** EXERCISE MATERIAL follows **
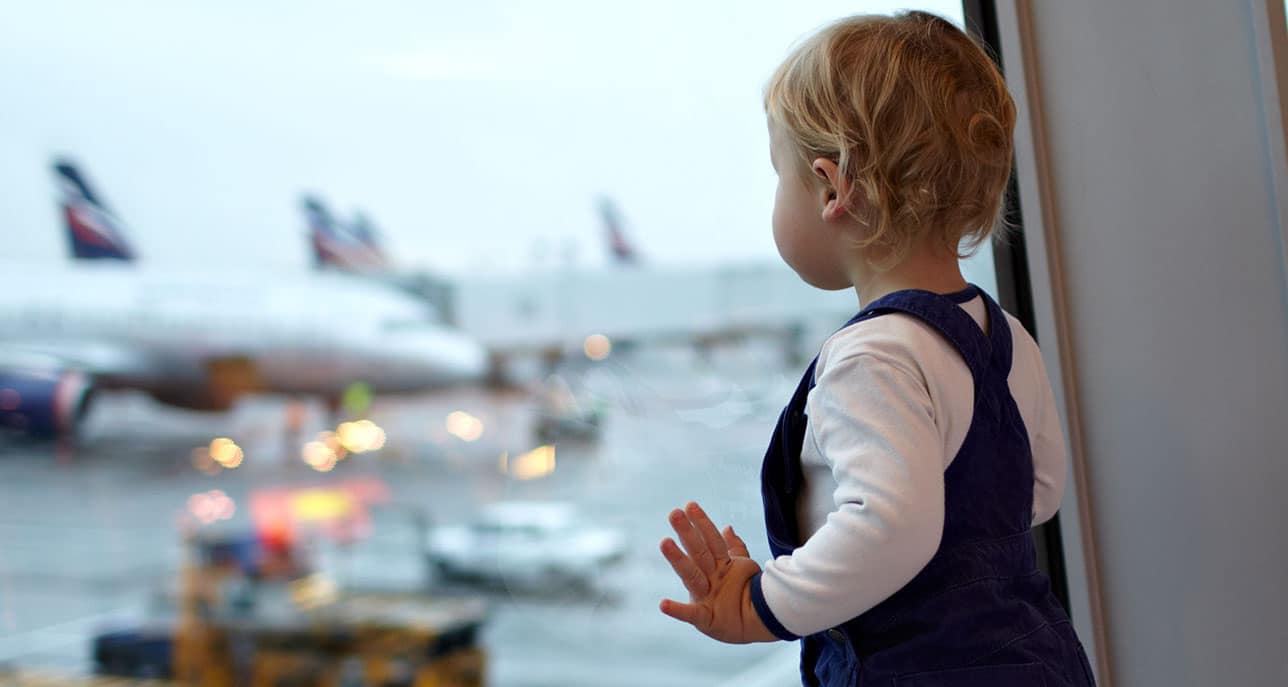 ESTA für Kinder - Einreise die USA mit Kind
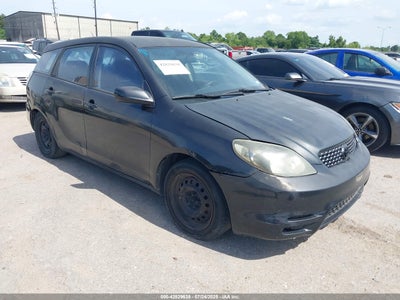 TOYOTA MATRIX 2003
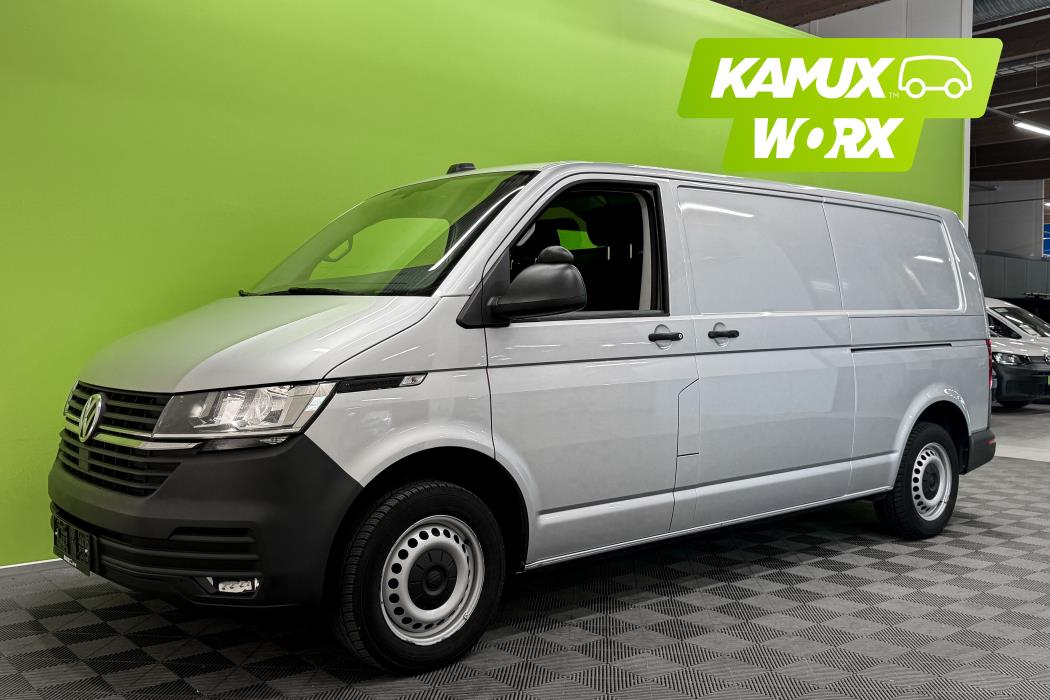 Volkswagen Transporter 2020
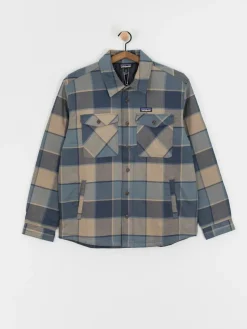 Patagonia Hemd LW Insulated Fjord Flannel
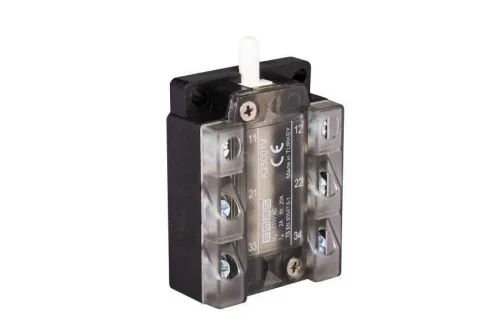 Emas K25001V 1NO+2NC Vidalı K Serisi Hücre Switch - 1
** End of EXERCISE MATERIAL **
# EXERCISE AIM
Write out every record above exactly, leaving no picture in the result.

# RESPONSE TO THE EXERCISE
 ESTA für Kinder - Einreise die USA mit Kind
 TOYOTA MATRIX 2003
 Volkswagen Transporter 2020
 Patagonia Hemd LW Insulated Fjord Flannel
 Emas K25001V 1NO+2NC Vidalı K Serisi Hücre Switch - 1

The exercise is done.